I’m someone that is simultaneously intimidated by the ocean, and yet fascinated with various, perhaps somewhat slightly dangerous, activities. I know that the former feeling comes from the fact that I’m from Toronto, and that, as a result I am simply unaccustomed to dealing with tides, currents and the possibility of sharks. The later feeling, though, pushes me to do things like confront the former head on. As a result, I decided to get my SCUBA certification and spend some time under the sea getting to know it more intimately.
The company I went through was Pearl Harbor Divers. The course was an intensive one-week crash thing in all the dive basics (made even more intense given that Monday was labor day, so what could usually be spread out over a week needed to be done in 6 days): We started off with the normal in-class study session, followed by two days of pool work. The pool work was long (3-4 hours a night, two nights in a row), but there was a huge emphasis on safety and skill repetition so that when we finally got out into open water this weekend, I felt reasonably comfortable with the idea of trying to fight evolution by breathing underwater.

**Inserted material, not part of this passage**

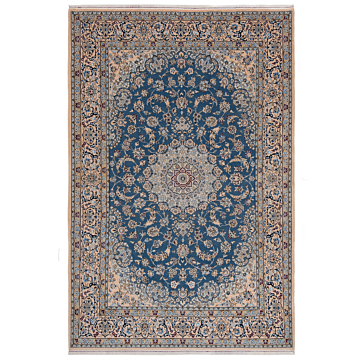 Nain 9La Persian Rug Blue 295 x 198 cm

I would highly recommend this company to anyone.
The open water dives were at Kahe Point (also known as “Electric Beach”) out on the West side of Oahu. This site is apparently very popular for snorkeling tours and dive training and so there’s tons of parking and even a hot-dog stand for after you get out of the water (at which time, if you are anything like me, I guarantee you, you will be ravenous). The only downside is that there is one main water entrance and when the waves pick up, you can really get knocked around trying to get into (or out of) open water (my legs have the bruises to prove it!) It looks like this, though the picture hardly does the power of the waves justice.
The dives themselves were pretty awesome. This is the site you get just as you’re about to drop under.

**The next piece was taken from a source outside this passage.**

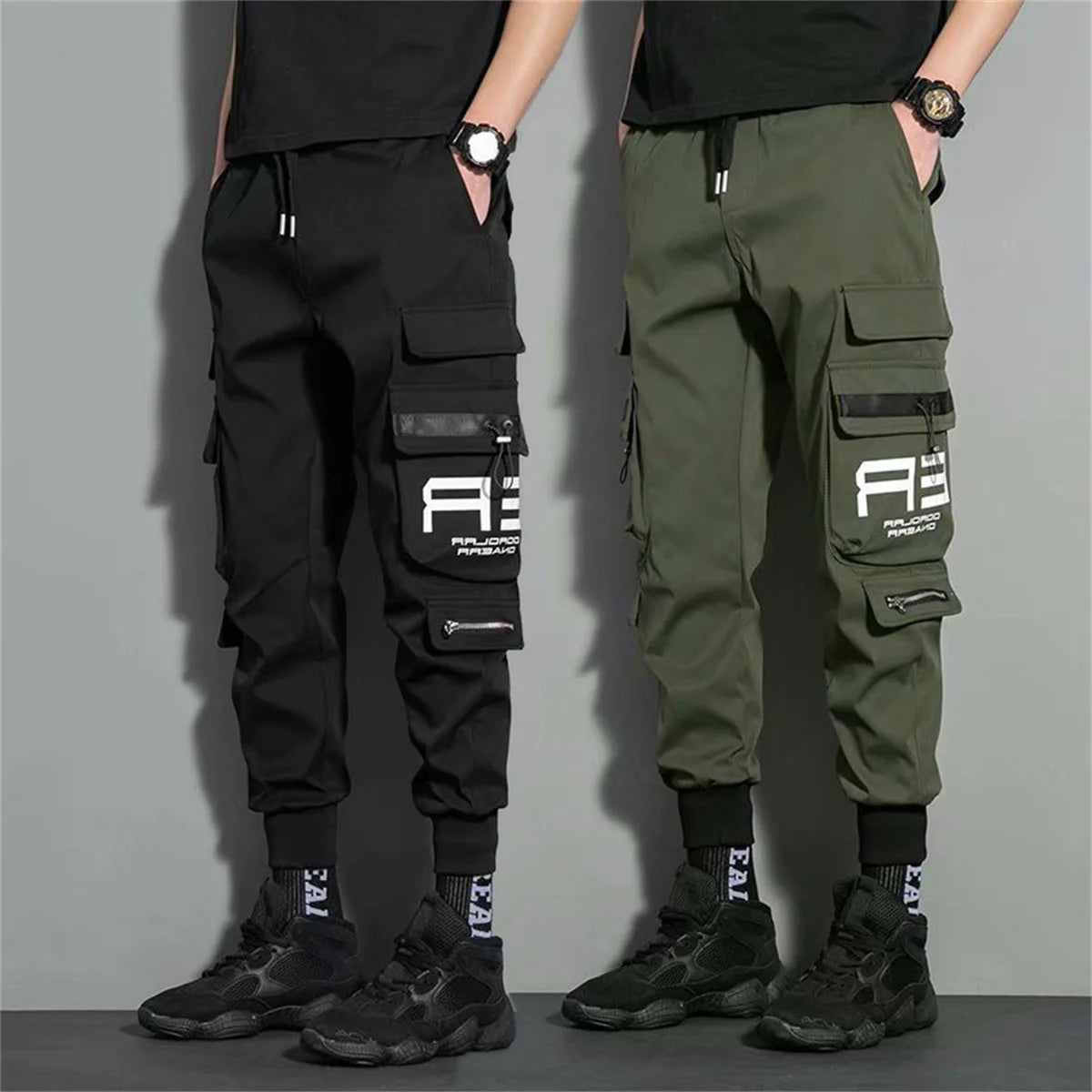 Black Tactical Street Joggers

Pretty, right? Under the water there is a really nice little area to explore for beginner divers – lots of reef, lots of fish and even a few sea turtles. There is also a water off-load pipe from the electric plant that gives off a ton of force (and it’s all clean, warm water). Apparently, more advanced divers (certainly not me) can jump into the force, get blown about 100 ft and end up near a wreck. Something to work up to.
At this point there are two specific things I’d like to point out: First, if you have ever wanted to fly (like Superman, not a plane), no matter how you feel about the ocean, I highly recommend giving diving a try. Under the warm waters of Hawaii, I have never felt so weightless and simultaneously in control – it was simply amazing.
Second, and on a more informational note, as you may have guessed, I have a GoPro which I strapped to myself for this litter adventure. The shots here were all taken with it, and I love the fact that I can strap it to my arm and really reduce the risk of loosing it. I found a down side to the camera though, it’s blurry underwater. This was the best shot I got out of it and I really had to work with it in Photoshop to get it this far. I do like the shot, but it would be nice if it were a little crisper around the edges.
Apparently GoPro has known about the problem for about a year, but the only way to fix it is to get a flat lens casing. These are not sold by GoPro, though they do exist, so if you decide to get a GoPro for diving, you might want to look into these. I won’t plug the name of any of the sites here since I haven’t tried the product myself, but with a few clicks through Google you should be able to find a couple.